Quick overview
This workflow runs daily to reconcile multiple CSV exports from a Google Drive folder into a deduplicated master CSV, quarantine invalid or duplicate rows into a reject CSV, and post a run summary to a Slack channel.
How it works
- Runs every day at 06:00 (cron) on a schedule.
- Searches a Google Drive folder for CSV files whose names do not include the "reconciled-" prefix, then downloads each file.
- Parses each downloaded CSV into rows and records any files that cannot be parsed.
- Validates each row for required columns and basic data types, deduplicates by order_id (keeping the first), and routes invalid, duplicate, or unreadable inputs into a reject dataset with reasons.
- Builds and uploads a dated master CSV (reconciled-master-YYYY-MM-DD.csv) back to Google Drive when there are valid rows.
- Builds and uploads a dated reject CSV (reconciled-rejects-YYYY-MM-DD.csv) back to Google Drive when any rows are quarantined.
- Posts a recap message to Slack with counts for files read, rows processed, merged rows, quarantined rows, duplicates dropped, and unreadable files.
Setup
- Add Google Drive OAuth2 credentials and select the input folder to search in the Google Drive search step.

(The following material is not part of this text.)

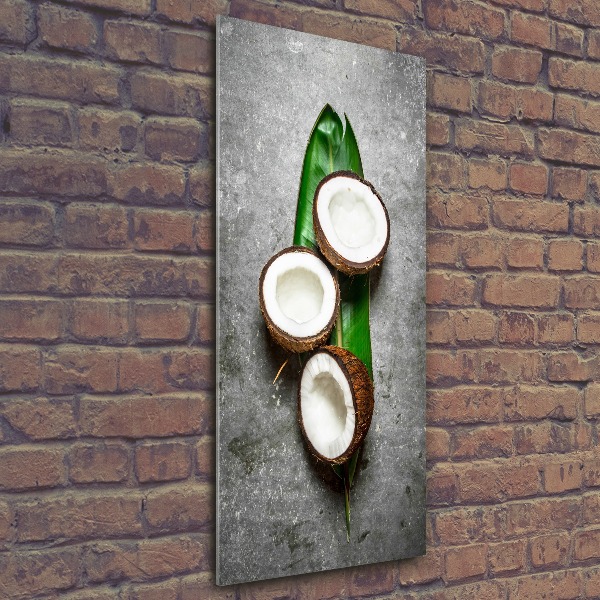 Staand foto plexiglas Kokosnoot op een blad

- Set the target Google Drive folder and drive (e.g., My Drive) for the master and reject CSV uploads.
- Add Slack credentials and choose the Slack channel where the recap message is posted.

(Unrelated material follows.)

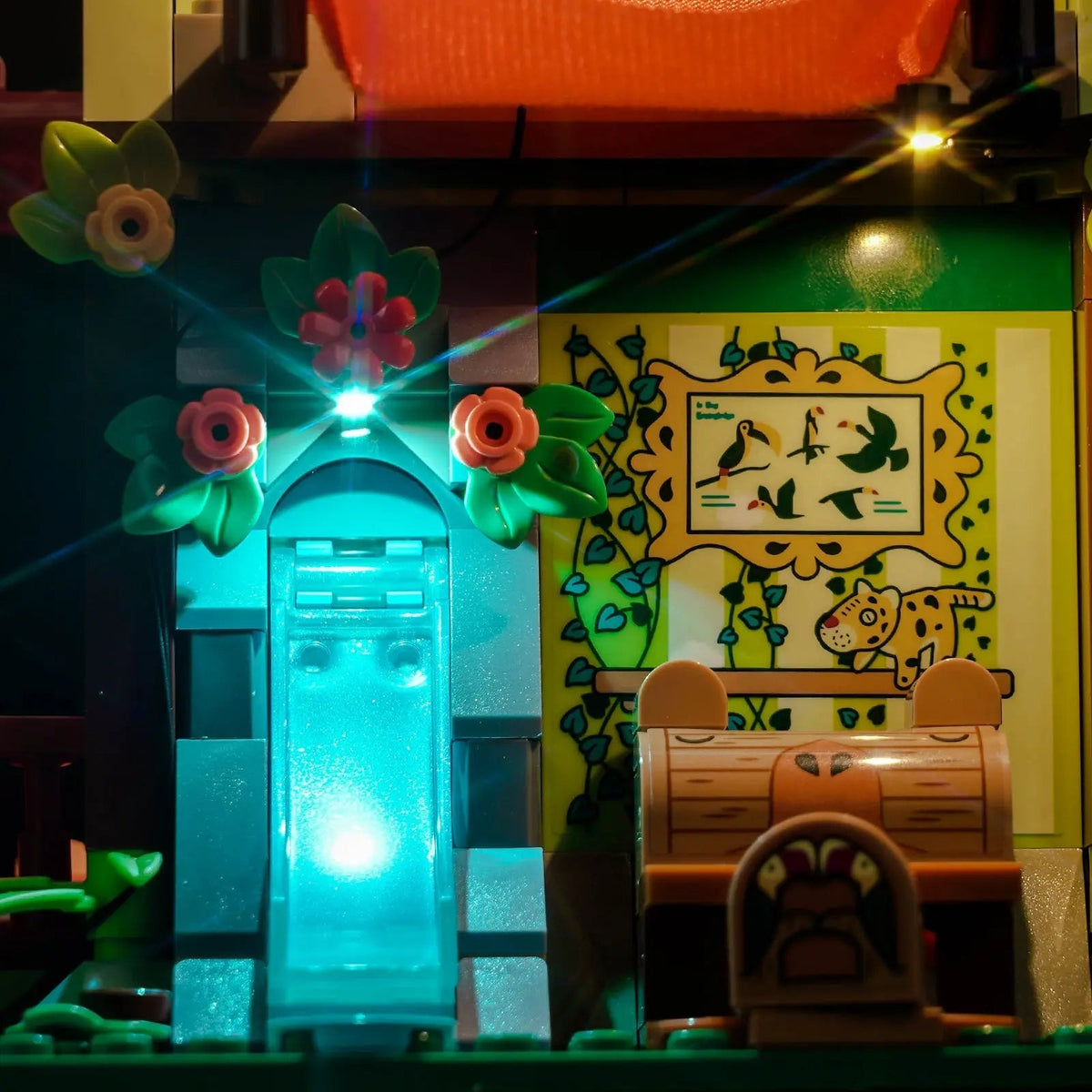 LEGO® The Magical Madrigal House #43245 — side angle with lights on (LED lights)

- Edit the reconciliation rules in the code step (required columns, dedup key column, and data type checks) to match your CSV export schema.

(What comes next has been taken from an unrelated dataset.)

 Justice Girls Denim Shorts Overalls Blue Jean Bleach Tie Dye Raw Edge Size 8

- Ensure incoming CSV filenames do not start with "reconciled-" (or adjust the Google Drive query) so output files are not reprocessed on the next run.
Requirements
- A Google Drive credential (OAuth2) with access to the folder the exports land in
- A Slack credential (bot token or OAuth2) for the recap channel
Customization
- Edit the rules block at the top of the Reconcile node to change the required columns, the dedup key, or the format checks
- Change the schedule, or the "reconciled" output filename prefix
- Point the two upload nodes at a separate output folder (the List node already skips the reconciled- prefix, so writing back to the same folder is safe)
- Drop the Slack node to run with Google Drive only
- Feed only the count summary (never the file contents) to a cheap LLM for a smoother narrative recap line
Additional info
Fully rule-based and deterministic: the same input always produces the same output, with no AI in the path. Auditability is the point. Every row that does not reach the master lands in a dated reject file with source_file, reject_type, and reject_reason columns, and the recap balances (rows in equals merged plus quarantined plus duplicates). It is resilient too: an unparseable file is logged as unreadable_file and the run carries on, no master is written when there are no valid rows, no reject file when nothing is quarantined, and the recap always posts. All sample data is fictional and credentials and folder selectors ship empty as placeholders.